8.2 Counsel Approval. All actions, proceedings, instruments and
documents required to carry out this Agreement or incidental hereto and all
other related legal matters shall have been approved by counsel to the Company.
8.3 No Litigation. No action or proceeding before a court or any other
governmental agency or body shall have been instituted or threatened to restrain
or prohibit the acquisition by SM&A of the Company Stock or the payment by SM&A
of any Merger Consideration; and no governmental agency or body shall have taken
any other action or made any request of the Company as a result of which the
management of the Company deems it inadvisable to proceed with the transactions
hereunder.
8.4 No Material Adverse Change. No material adverse change in the
results of operations, financial condition or business of each of SM&A and Newco
shall have occurred, and each of SM&A and Newco shall not have suffered any
material loss or damage to any of its properties or assets, whether or not
covered by insurance, since the date hereof, which change, loss or damage
materially affects or impairs the ability of each of SM&A and Newco to conduct
its business; and the Company shall have received a certificate from a duly
authorized officer of SM&A to such effect.
8.5 Opinion of Counsel. The Company shall have received an opinion from
Xxxxx & Xxxxxx, counsel to SM&A, dated the Closing Date, in the form attached
hereto as Exhibit 3.2(b)(vi).
8.6 Consents and Approvals.
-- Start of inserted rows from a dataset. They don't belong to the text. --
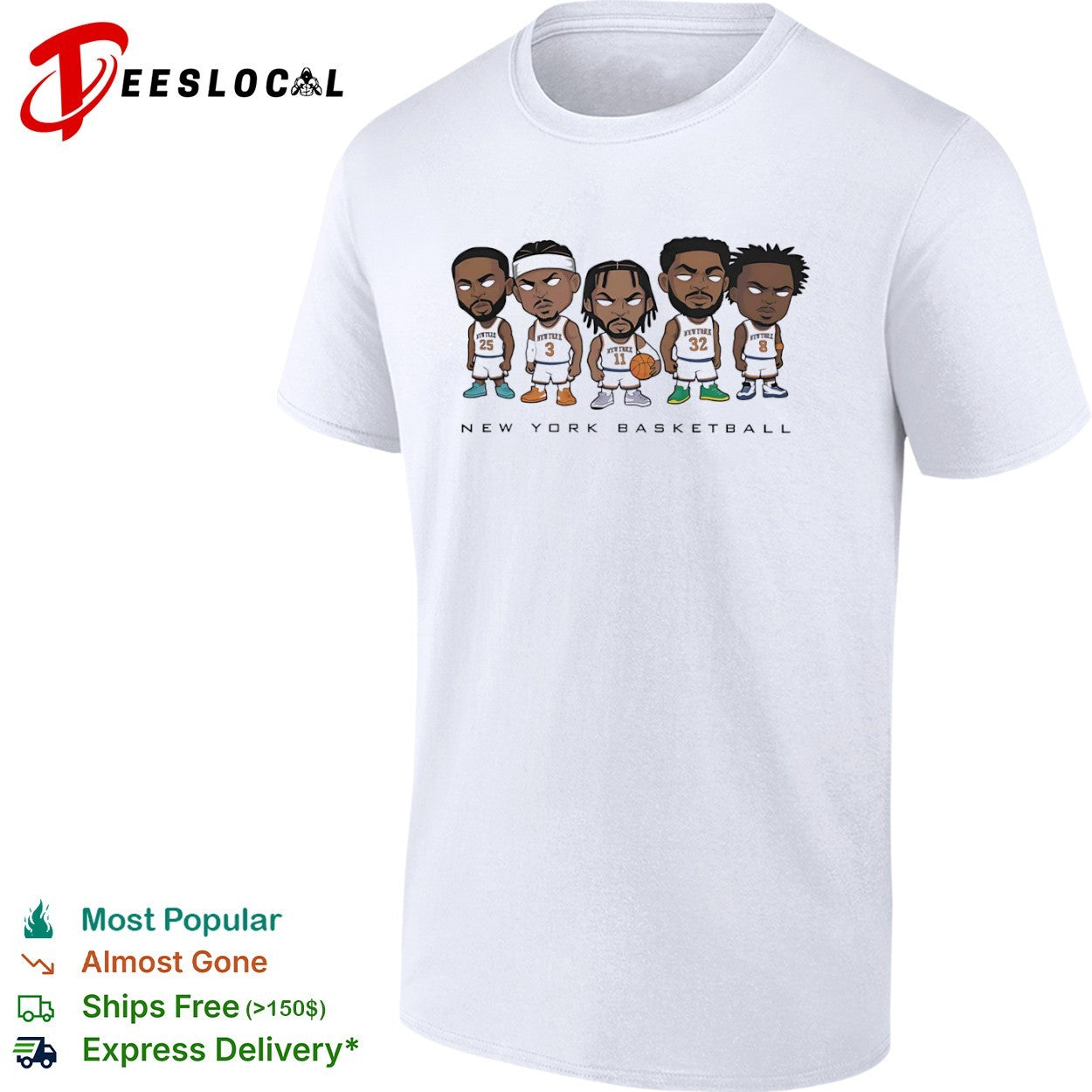 New York Knicks cartoon players basketball shirt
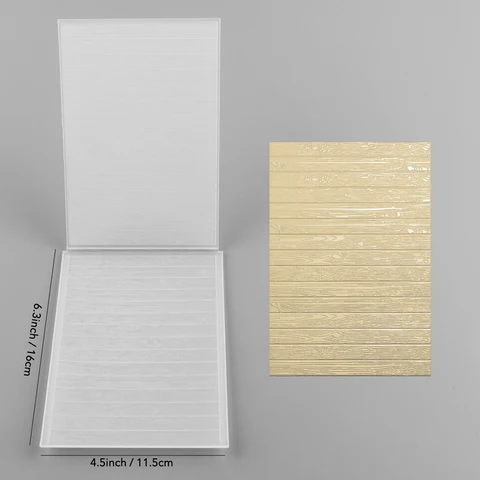 Новинка 2024, винтажная плитка, полосы в форме сердца, деревянная панель, папка для 3D тиснения, прозрачные тисненые пластиковые пластины для рукоделия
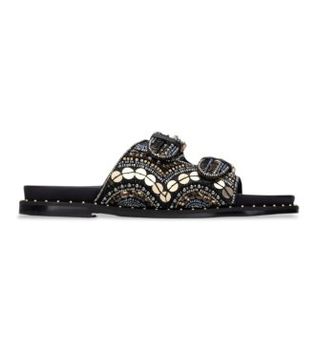Carmela para mujer. 16320001-NEGRO Sandalias 163200 negro (40), Plano, Ninguno, Casual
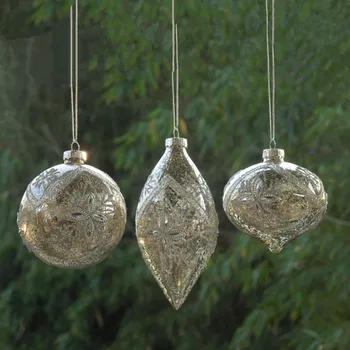 

48pcs/pack Silver Series Handmade Hanging Glass Ball Christmas Day Decoration Globe Festival Friend Gift
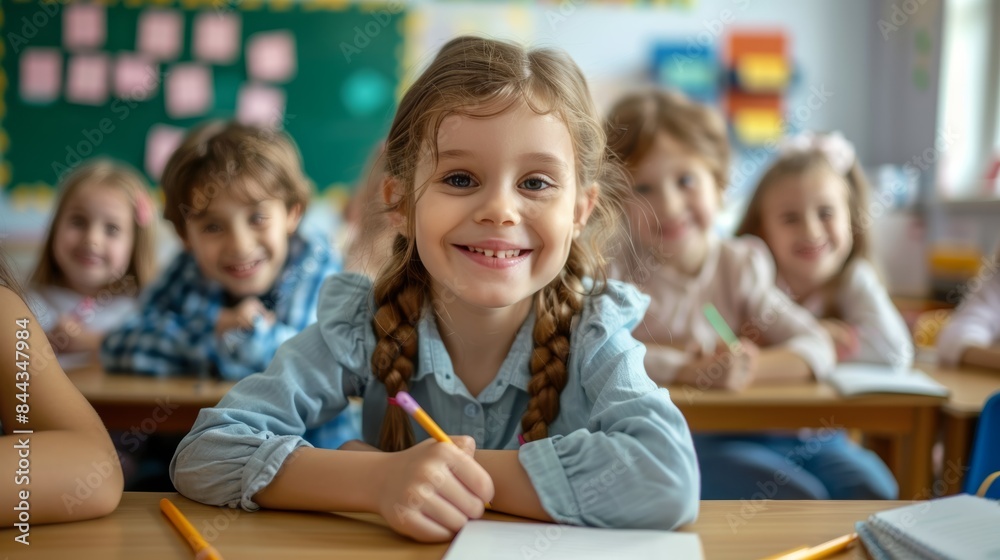 primary elementary school group of children studying in the classroom. learning and sitting at the desk. young cute kids smiling, high quality photo primary elementary school group of children studying in the classroom. learning and sitting at the desk. young cute kids smiling, high quality photo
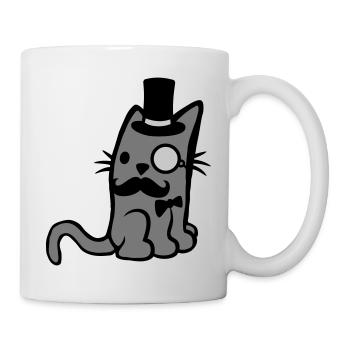 Monokel Brille Herr Katze - Tasse - Weiß - Rechts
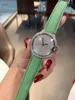 Luxe Femmes Cz Zircon Quartz Montre Femme Vert En Cuir Véritable Montres Plein Diamants Cadran Géométrique Cercle Montre-Bracelet Dame Horloge 36mm Étanche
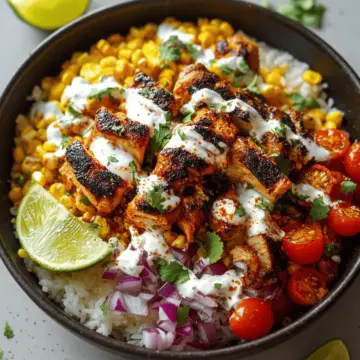 Street Corn Chicken Rice Bowl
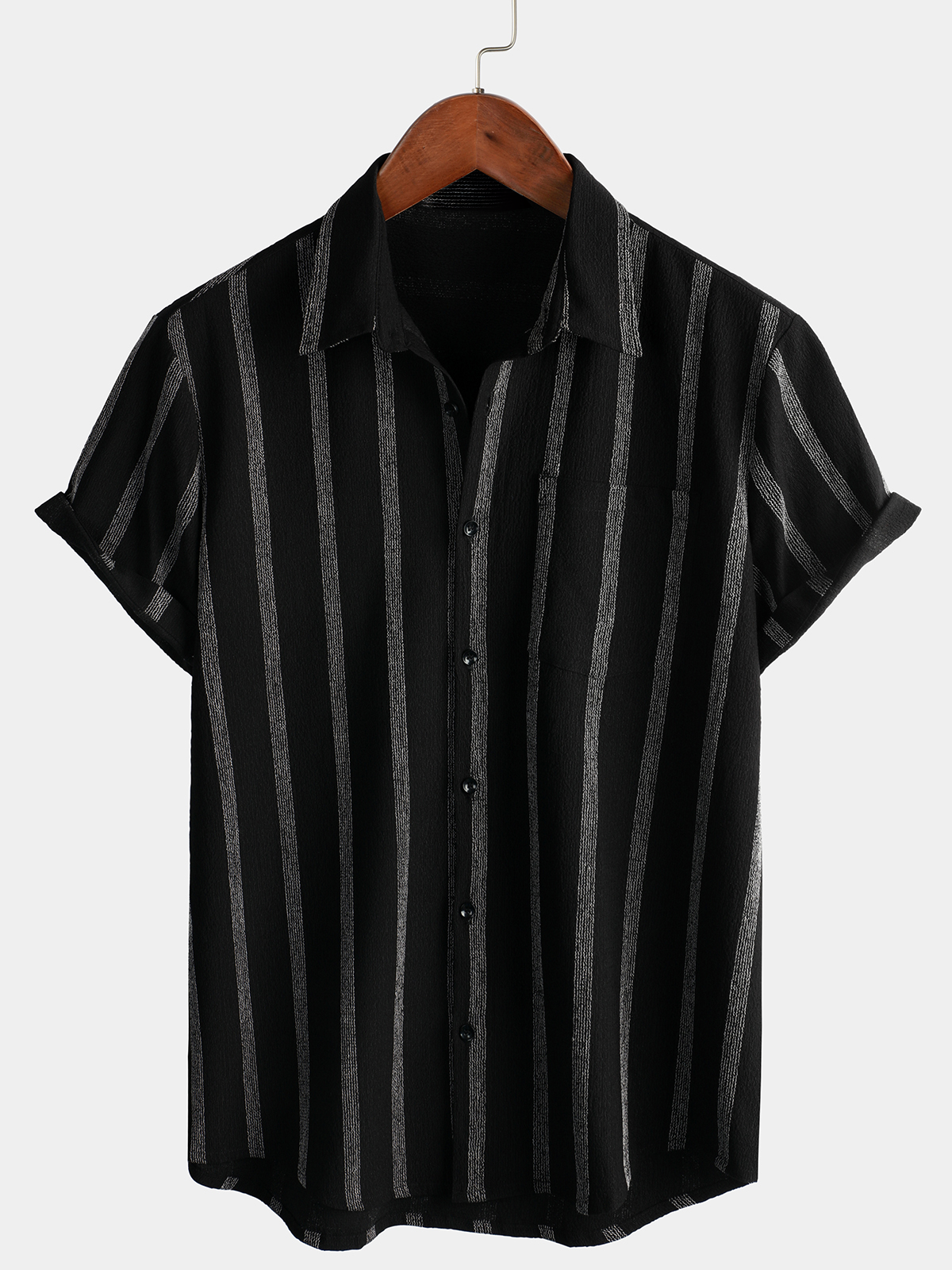 Men&#39;s Summer Striped Pocket Button Up Short Sleeve Vintage Beach Hawaiian Shirt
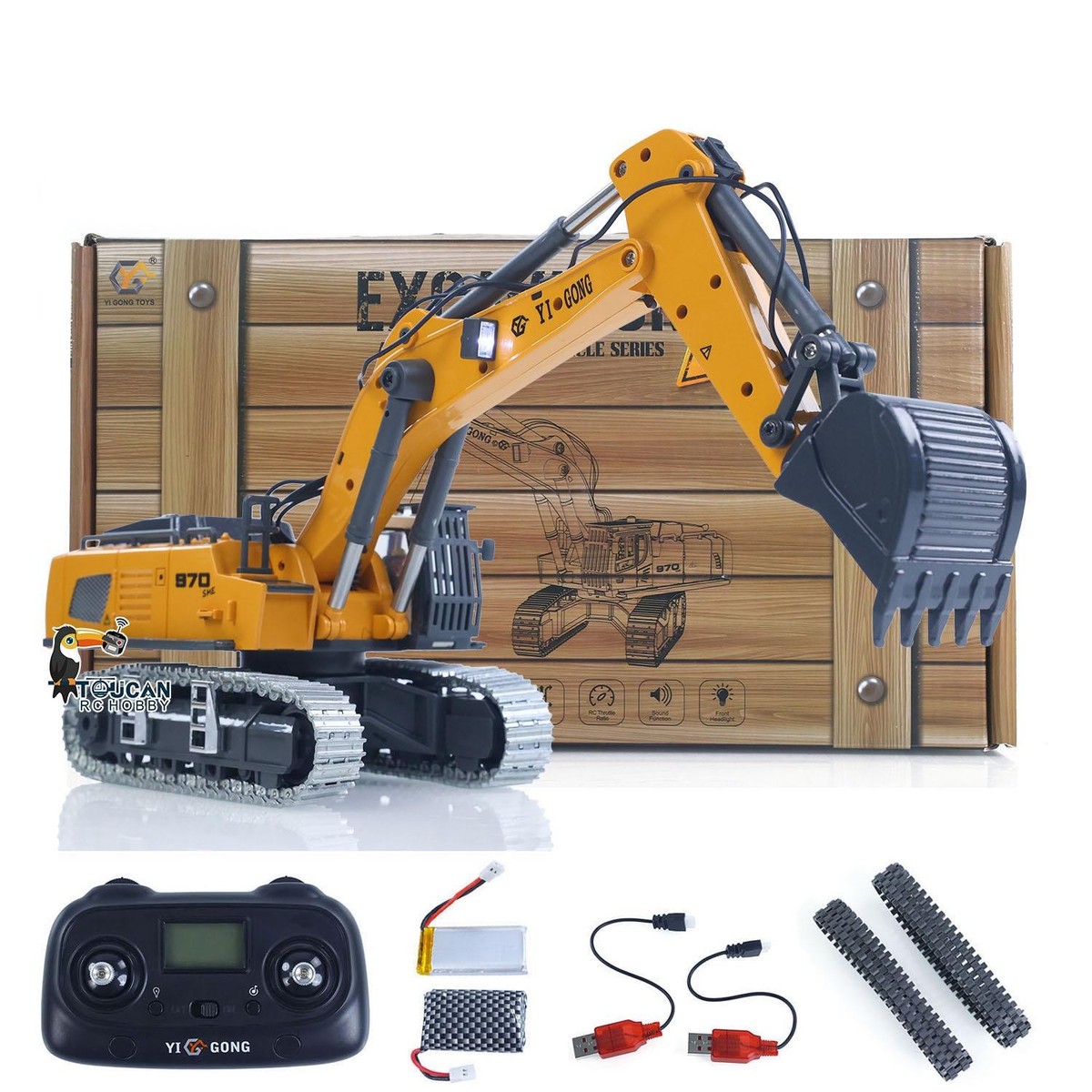 RC Excavator 1/50 Engineering ラジコン 1/50 RC Excavator K970 Engineering Vehicle Radio Control Electric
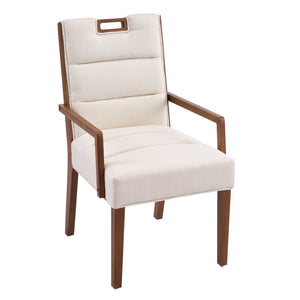 English Elm Upholstered Armchair Dining Chairs Rubberwood Frame Soft Padded Seat Set of 2 Beige,Walnut N768P391161W
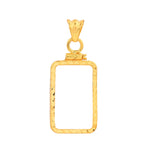 Carica l&#39;immagine nel visualizzatore di Gallery, 14K Yellow Gold Pamp Suisse Lady Fortuna 5 gram Bar Coin Bezel Diamond Cut Screw Top Frame Mounting Holder Pendant Charm
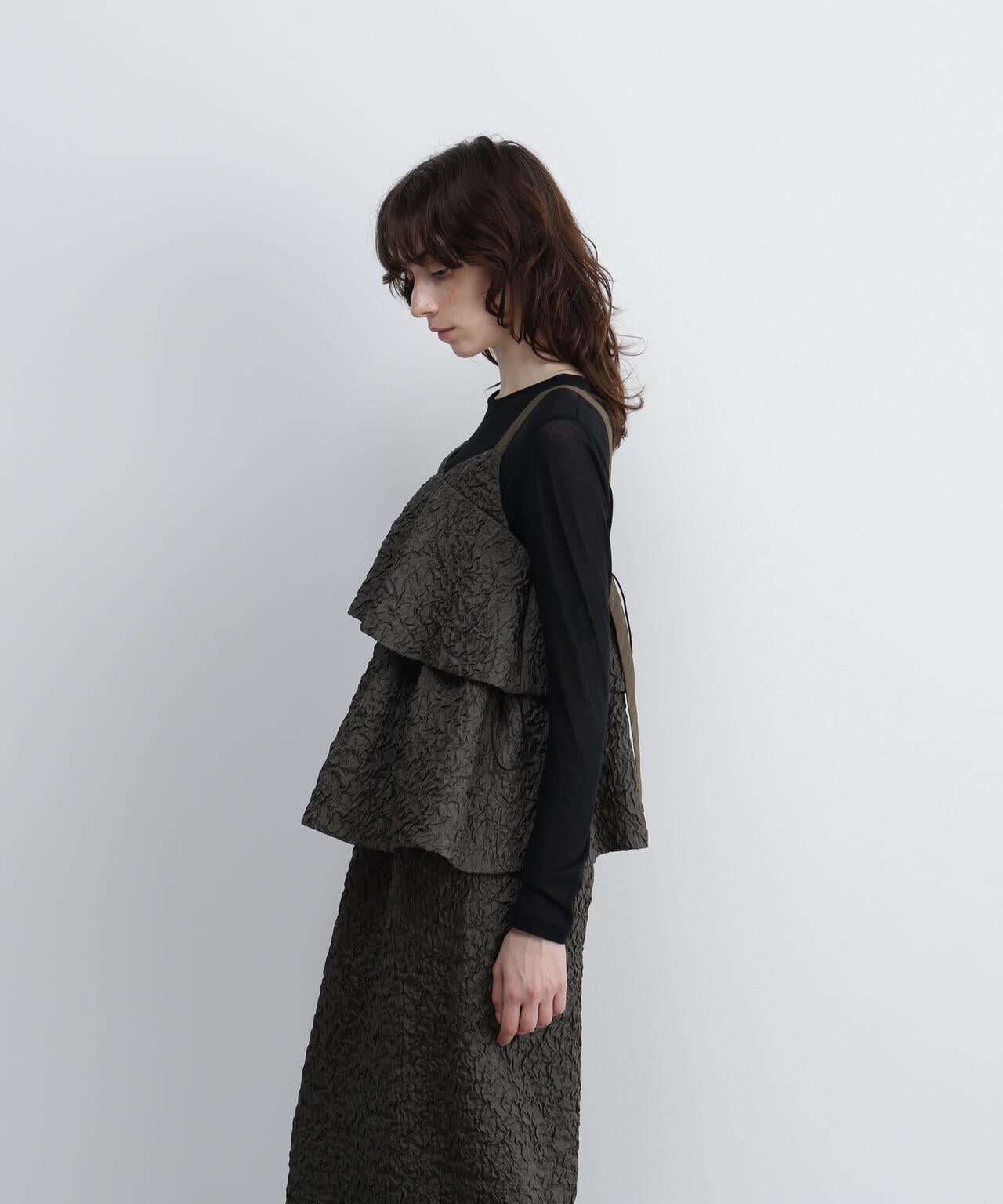 ＜UNiPH＞ブライトフローティングジャガードブラウス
All necessary consents of and filings with
any governmental authority or agency or any third party relating to the
consummation of the transactions contemplated herein shall have been obtained or
made, as applicable, and no action or proceeding shall have been instituted or
threatened to restrain or prohibit the Company's performance of its obligations
hereunder, and no governmental agency or body shall have taken any other action
or made any request of the Company as a result of which of the Company deems it
inadvisable to proceed with the transactions hereunder.
8.7 Additional Liabilities and Obligations. SM&A shall have delivered to
the Company a list, dated the Closing Date, setting forth all material
liabilities and obligations of SM&A and Newco arising since the date of this
Agreement.
8.8 Additional Contracts. SM&A shall have delivered to the Company a
list, dated the Closing Date, showing all material contracts and agreements,
together with copies thereof, entered into by each of SM&A and Newco since the
date of this Agreement.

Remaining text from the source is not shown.